The Home Office has planned to upgrade or replace legacy systems at the border since it launched its e-borders programme in 2003. The Border Force has been using 'Warnings Index' (26 years old) for its passenger watchlist and 'Semaphore' (16 years old) to analyse passenger data.

The government previously announced delivery of “improved digital border systems”, with a planned timetable of March 2019. These projected improvements would provide the Border Force with better information for decision-making about people and goods crossing the UK border.

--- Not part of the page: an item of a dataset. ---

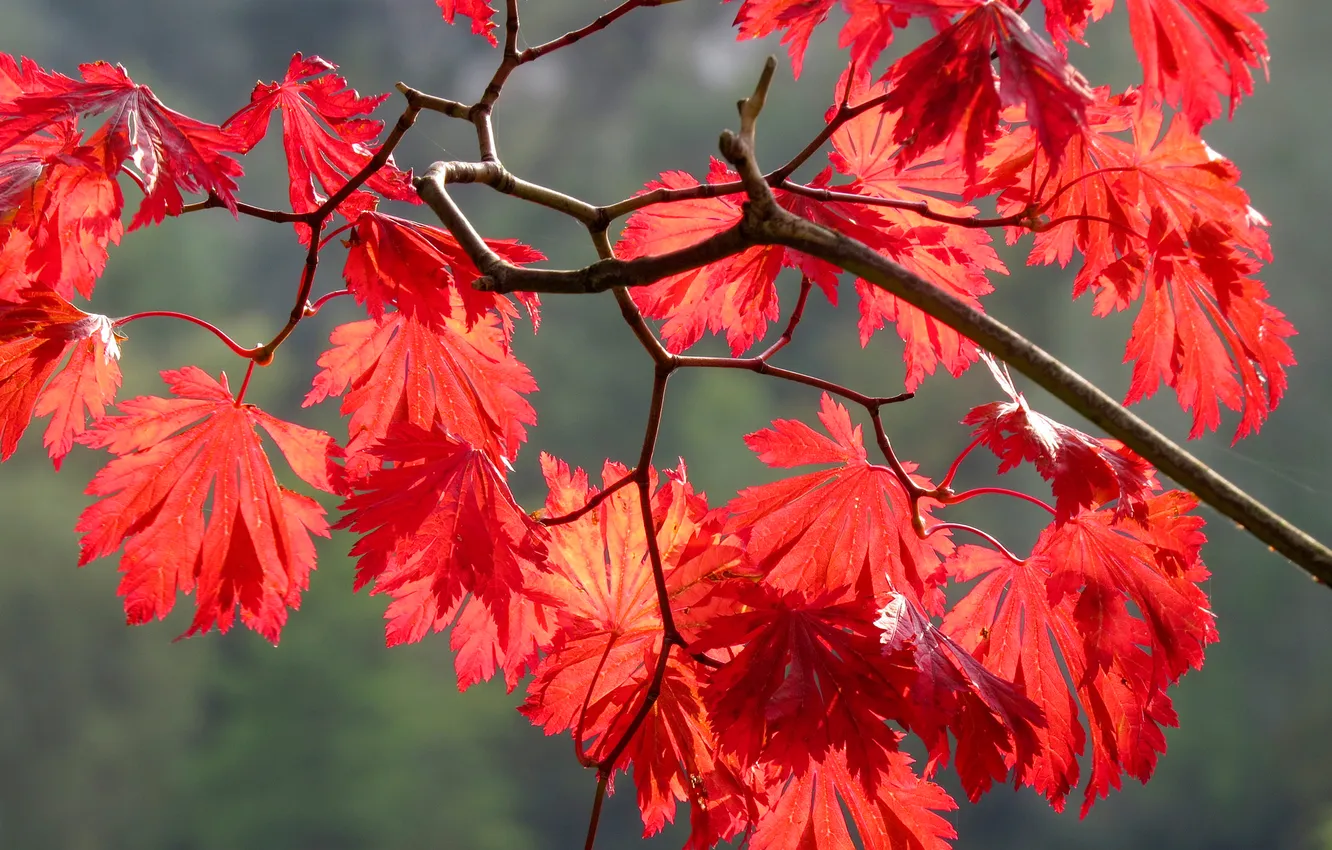 Фото обои осень, листья, природа, ветка, багрянец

However, the government has failed to deliver the upgrades, increasing costs by £173m and leaving the Border Force having to continue to rely on decades-old technology. These systems are increasingly expensive and difficult to maintain. The NAO said that the upgrade plan had lacked a timetable and clear objectives, as well as a budget, while the Home Office underestimated the amount of work that needed to be done.

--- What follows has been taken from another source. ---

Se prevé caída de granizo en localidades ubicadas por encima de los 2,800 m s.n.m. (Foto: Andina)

The rollout of the new system has now been pushed back to the end of March 2022, in order to tighten border controls.

“The Home Office has made improvements, but it still faces significant risks in delivery and integrating its new systems against a challenging timetable,” the report said.

The NAO warned of technical issues with the new watchlist system, which had problems with most of its pilot trials last year.

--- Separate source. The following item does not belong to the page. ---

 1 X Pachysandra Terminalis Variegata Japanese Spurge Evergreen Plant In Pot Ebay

“The Digital Services at the Border programme did not achieve value for money by March 2019, failing to deliver what it intended and leaving Border Force staff to rely on outdated legacy systems,” said NAO head Gareth Davies.

“Since resetting the programme, there have been improvements and the Home Office has a better understanding of the significant risks and challenges ahead. It now needs to build on this work to ensure that it can deliver the programme at the pace and scale it requires.”

Yvette Cooper, chair of the Commons Home Affairs Committee, said that the report “raises questions about Home Office competence and ministerial oversight of extremely important border technology.”

A Home Office spokesperson added: “Since 2019, following the reset of the programme, industry confidence in this programme has increased with a clear focus and delivery plan put in place. This programme will transform the way we secure and manage the flow of people and goods across the border. It will deliver adaptable and modern technology to improve security, increase efficiency and provide a better experience for travellers.”